With rapid development of the electronic product technologies, light emitting diodes (LEDs) have found increasingly wider application in, for example, the field of LED illumination, the field of liquid crystal display (LCD) and various industrial control display apparatuses.
In the field of liquid crystal display, a liquid crystal display device usually comprises a backlight module and a liquid crystal display panel superposed thereon. The liquid crystal panel cannot emit light by itself, so the backlight module is used as a light source in the liquid crystal display for driving the liquid crystal display panel display images. As a kind of typical point light source device, LEDs are often used in the backlight module as a key component. usually, a plurality of LEDs used as point light source are arrayed on the surface of a printed circuit board (PCB) to form an LED light bar, and the LEDs are driven by the PCB to emit light to form a bar-shaped line light source.
As is well known, the LED radiates heat during operation, in order to ensure that the LED operates within a preset temperature range, a heat dissipating component must be provided to form a light source assembly so that the heat generated by the LED during operation can be effectively and timely dissipated. Therefore, how to design a light source assembly with a desirable heat dissipating efficiency has become a great concern in the art.
A perspective view illustrating a structure of a prior art light source assembly is shown in FIG. 1. The light source assembly 1 comprises a plurality of LEDs 11, a PCB 13 and a heat sink 15. The array of the LEDs 11 is disposed on the surface of the PCB 13. The heat sink 15 is fixed to the PCB 13 by screws to form the light source assembly 1.
When the light source assembly 1 is working, the LEDs 11 generate massive heat which causes a sudden rise in the temperature of the whole PCB 13. Due to the phenomenon of thermal expansion and contraction effect, the whole PCB 13 tends to be deformed to cause a loose contact between the PCB 13 and the heat sink 15, which reduces the contact area and significantly degrades the heat dissipation efficiency. Furthermore, as assembled by use of screws, usually a tight fit cannot be achieved between the PCB 13 and the heat sink 15 due to inaccurate aligning operations performed by workers; which also reduces the contact area and significantly degrades the heat dissipation efficiency. More importantly, the use of the screwed structure leads to a large number of elements, a complex assembling process and an increased cost of the whole light source assembly 1.
Referring next to FIG. 2, there is shown a schematic side view of a structure of another light source assembly in the prior art.
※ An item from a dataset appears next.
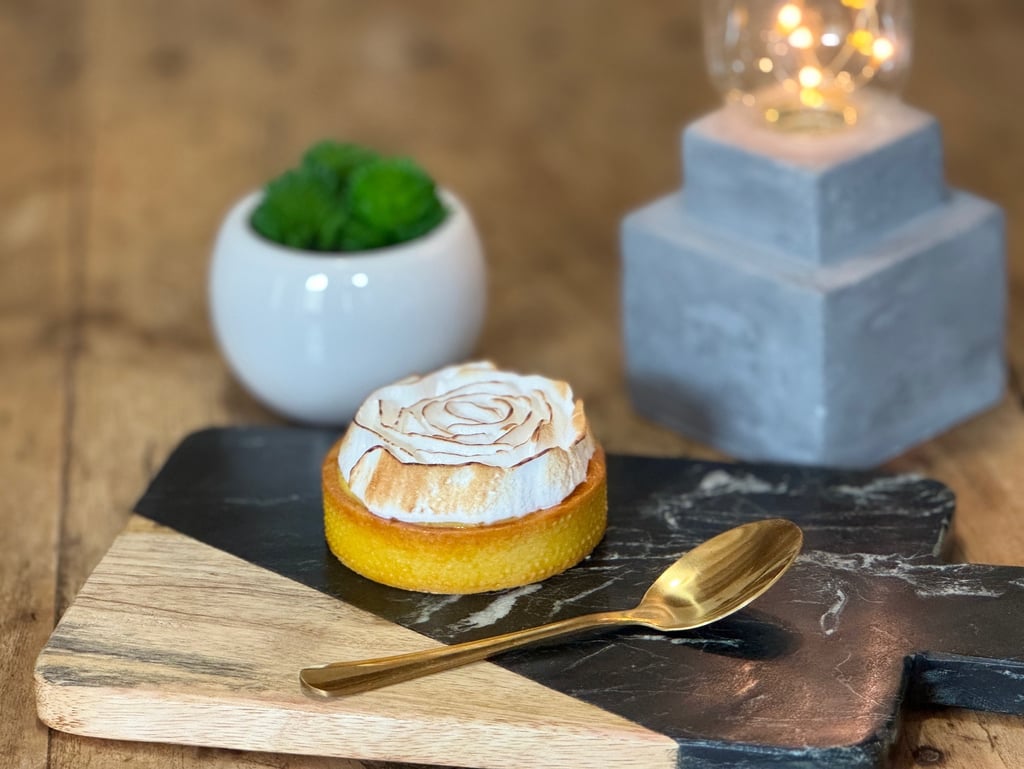 Tarte à la rhubarbe meringuée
Likewise, the light source assembly 2 comprises a plurality of LEDs 21, a PCB 23 and a heat sink 25. The PCB 23 is fixedly adhered to the surface of the heat sink 25 directly by means of a thermally conductive adhesive layer 24.
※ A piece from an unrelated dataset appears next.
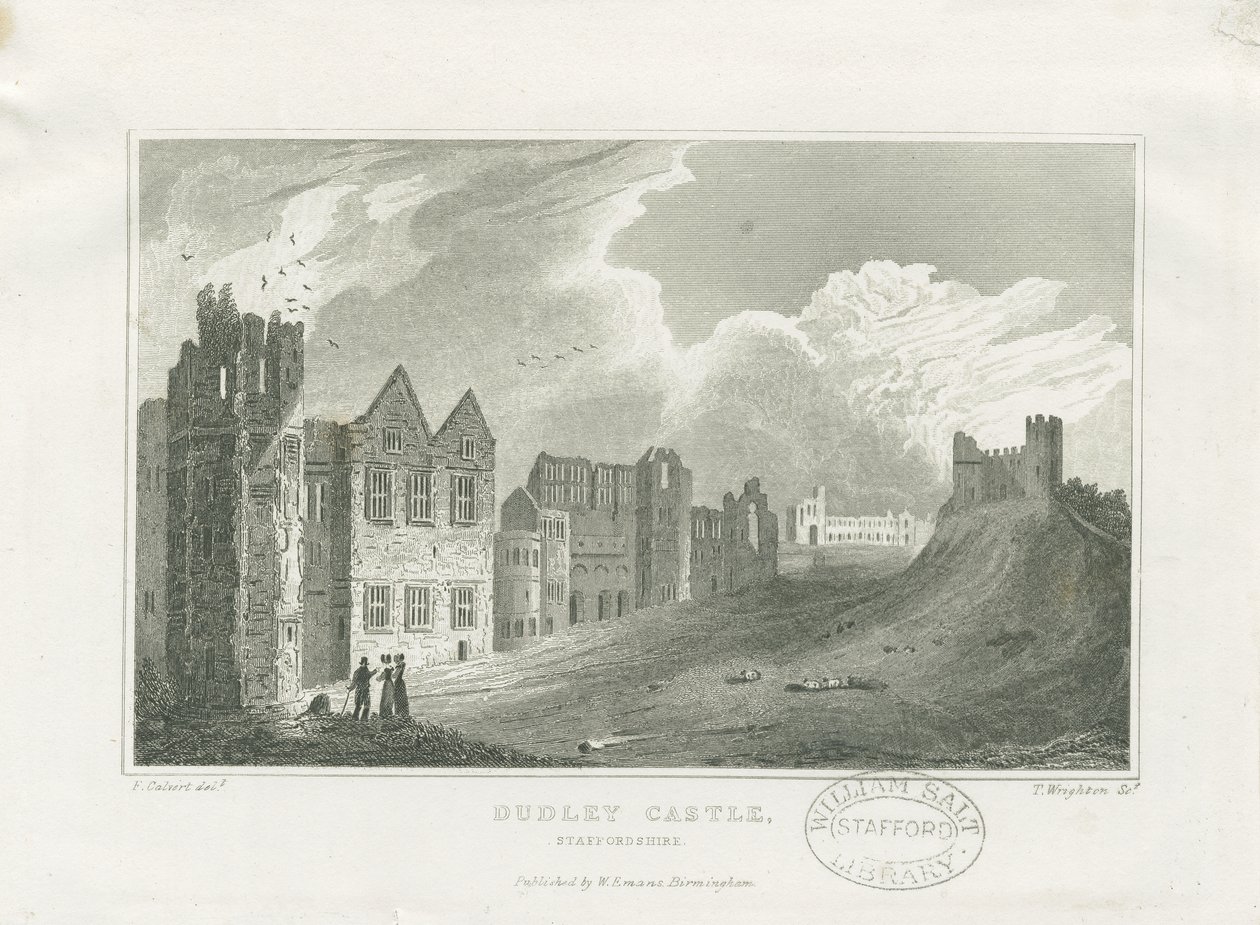 Dudley Castle - The Keep: stålgravyr och [1800-talet] (tryck) av Frederick Calvert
In the light source assembly 2, although the use of the thermally conductive adhesive layer 24 simplifies the whole structure and the assembling process, there still exists the following problem: when the light source assembly 2 operates, the temperature of the thermally conductive colloid layer 24 increases with the temperature of the whole assembly, which causes aging and degradation in the adhesive performance of the chemical material of the thermally conductive colloid layer 24; this tends to cause loosing and falling off of the PCB 23 and the heat sink 25 from each other, thereby resulting in degraded heat dissipating performance and reliability of the product.
Accordingly, there exists a need in the art to provide an improved approach to fix a light source assembly.